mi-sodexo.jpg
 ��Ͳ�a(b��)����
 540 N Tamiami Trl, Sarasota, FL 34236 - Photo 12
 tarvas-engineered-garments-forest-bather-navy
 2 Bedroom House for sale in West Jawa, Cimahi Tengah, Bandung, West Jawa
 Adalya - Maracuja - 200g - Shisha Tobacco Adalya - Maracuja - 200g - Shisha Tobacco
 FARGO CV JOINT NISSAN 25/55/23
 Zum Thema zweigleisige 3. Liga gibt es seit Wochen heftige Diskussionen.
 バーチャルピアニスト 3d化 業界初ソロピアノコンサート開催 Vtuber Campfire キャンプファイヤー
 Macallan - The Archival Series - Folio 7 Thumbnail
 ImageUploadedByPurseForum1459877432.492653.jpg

________________

• _PROBLEM REQUIREMENTS_: Output all entries again exactly; no line may be altered.

• _RESULT OF THIS EXERCISE_:
mi-sodexo.jpg
 ��Ͳ�a(b��)����
 540 N Tamiami Trl, Sarasota, FL 34236 - Photo 12
 tarvas-engineered-garments-forest-bather-navy
 2 Bedroom House for sale in West Jawa, Cimahi Tengah, Bandung, West Jawa
 Adalya - Maracuja - 200g - Shisha Tobacco Adalya - Maracuja - 200g - Shisha Tobacco
 FARGO CV JOINT NISSAN 25/55/23
 Zum Thema zweigleisige 3. Liga gibt es seit Wochen heftige Diskussionen.
 バーチャルピアニスト 3d化 業界初ソロピアノコンサート開催 Vtuber Campfire キャンプファイヤー
 Macallan - The Archival Series - Folio 7 Thumbnail
 ImageUploadedByPurseForum1459877432.492653.jpg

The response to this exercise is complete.